About 17 km away from Kathmandu, Sankhu (also known as Sakwa) is an ancient town predominated by Newars. Famous for its rich cultural heritage and traditional architecture and sculptures, it is home to time-honored temples such as the Vajrayogini and Mahadev temples. Shaped like a conch, the oldest inscription to be found in Sankhu dates back to 538 CE. Temple, believed to be more than 300 years old, is a prominent landmark of Sankhu. Legend has it that King Mandev used to meditate in the Gun Bihar arena (now called Sankhu).
Within the legends of Manisaila Mahavadana, Vajrayogini is said to have drained the lake water from the Sankhu Valley with her curved knife. She also appeared before the temple priest Jogdev and instructed King Sankhadev to build the town of Sankhu in the shape of a conch shell. The oldest inscription at Sankhu which dates back to 538 CE attests to this. There is also another tale that tells a different story, ascribing the building of Sangkhu temple in 1655 CE to the Nepalese King Prakash Malla.

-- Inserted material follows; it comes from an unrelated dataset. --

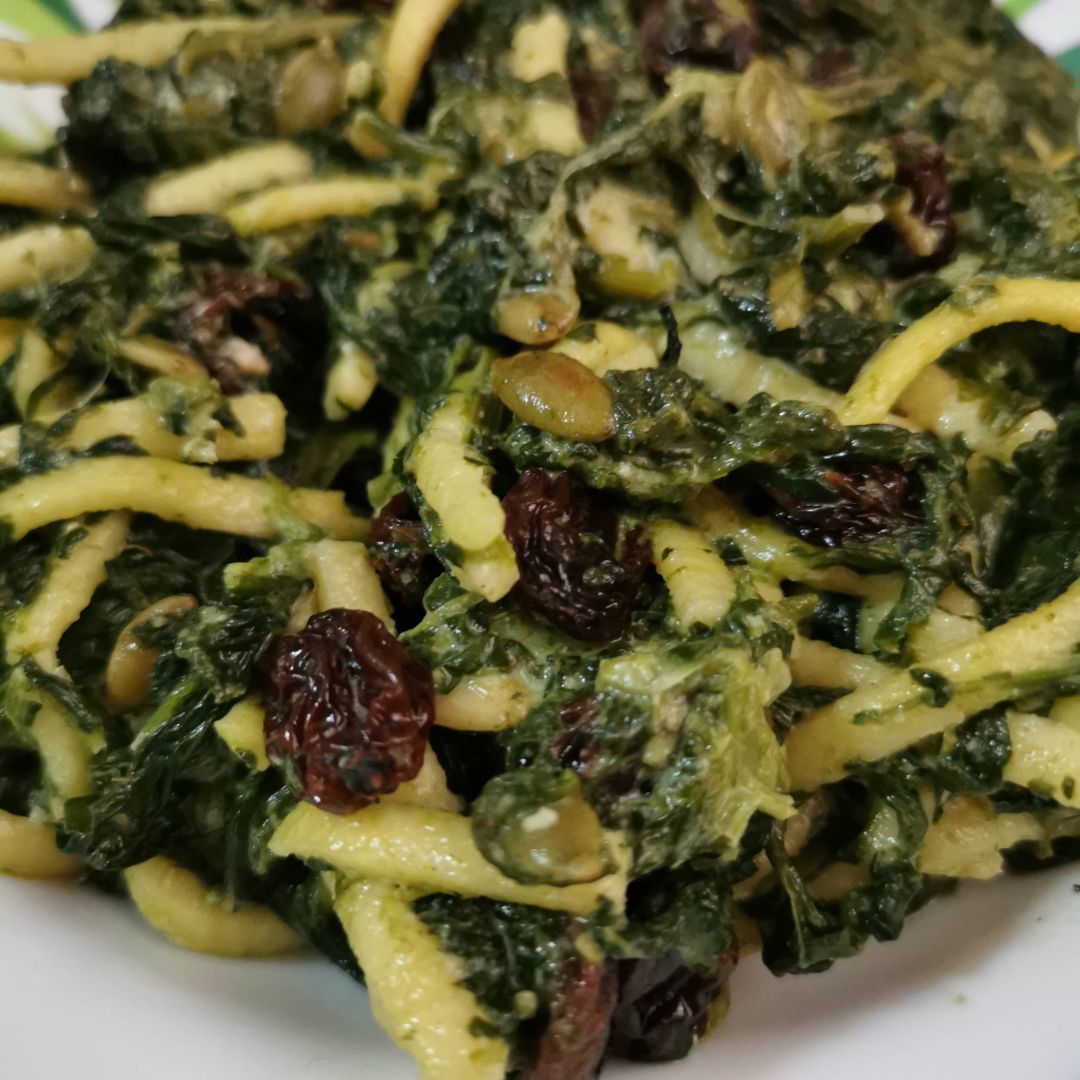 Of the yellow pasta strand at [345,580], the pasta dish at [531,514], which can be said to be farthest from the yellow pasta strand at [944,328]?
the yellow pasta strand at [345,580]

Bajrayogini Jatra at Sankhu is celebrated every year in the month of April (Chaitra/Baishak) for eight-long days where the idols of the Gods from the Bajrayogini temple are brought down to the town and carried around the entire town. Priests accompany the idols of the two big idols Mhasukhwamaju (yellow-faced goddess) and Chibadya (the chaitya/stupa shaped idol – husband of Mhasukhwamaju) while two small idols of their children Singli (lioness) and Byangli (tigress) are carried in smaller chariots by the children of the community. Bajrayogini Jatra is very famous among Newar Community so from different locality people gather to observe this festival. Culturally, Sankhu is famous for two events; the Salinadi mela and the Bajrayogini Jatra festival.